We all have taught to choose good names for methods in the code we write. There are various coding style guides which set some ruling around method naming conventions and best practices. Although we tend to follow those in most cases, many times we forget to think will somebody else would be able to completely understand what method really does, by reading method name. Or, will our future self be able to clearly know the purpose of the method by reading this method name in 3 months after we wrote it. This is a short story about learning the hard way that proper method naming does matter.

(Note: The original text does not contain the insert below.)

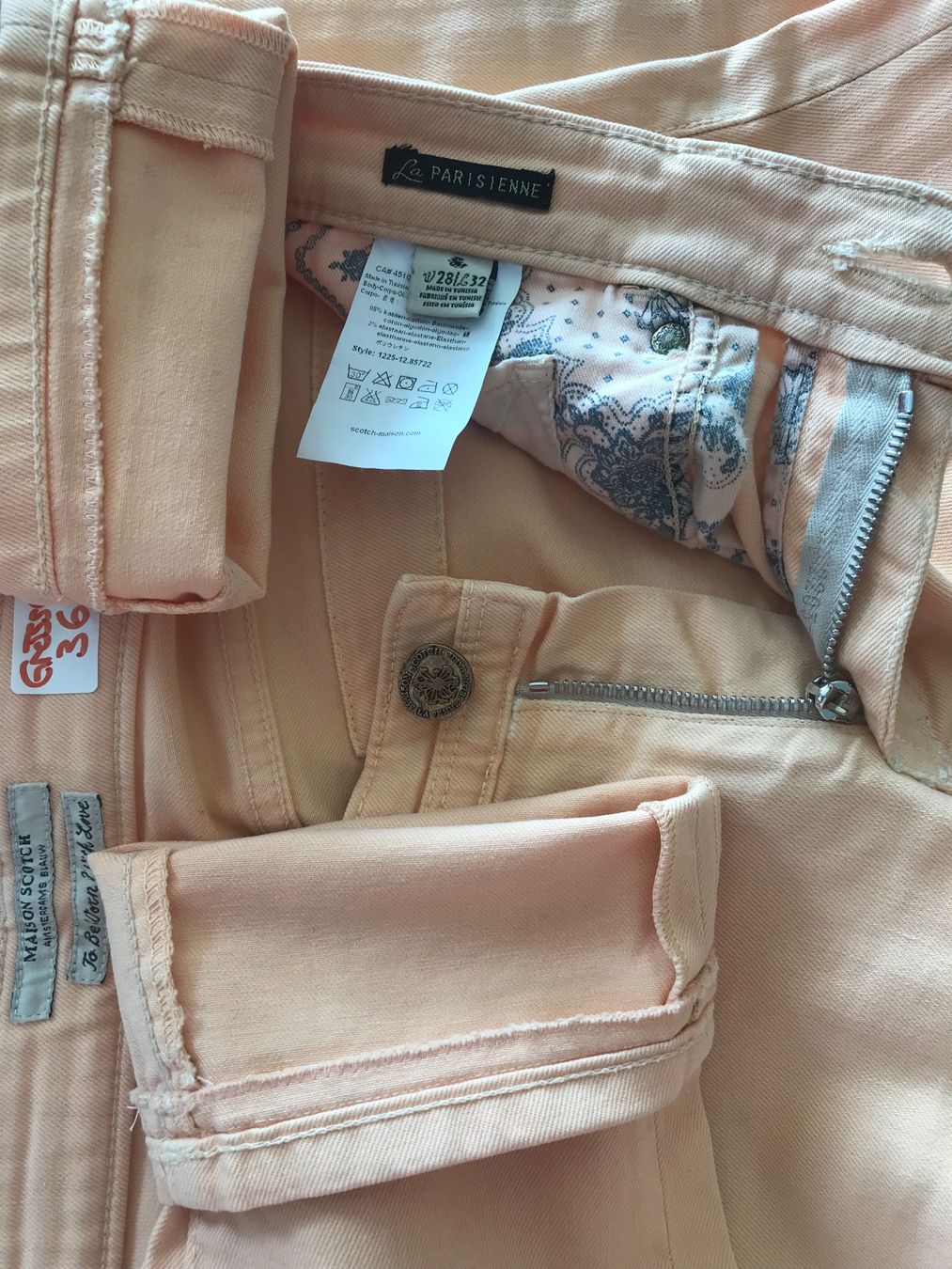 Maison Scotch Jeans: Maison Scotch Jeans, Gr. 36, Farbe Mandarine – Gebraucht aus Niederteufen von mix18 4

In one of our projects, there are many data imports/exports going on. We have many different data sources and different formats. Plus we are doing different data consolidations, handling duplicates, extracting meta data etc. The volume of data processed and transformed by import/export functionalities is raising very fast. Some time ago, transforming and saving a document within 100 ms was OK but it does not scale anymore. For example, we have some imports which run few hours. We know that the new import feed will have 10-20 times more data – and it does not make sense that a single import process last the whole day (and night). This was a reason we had to look a bit closer to our core logic and assess the performances and propose solutions how it could be improved.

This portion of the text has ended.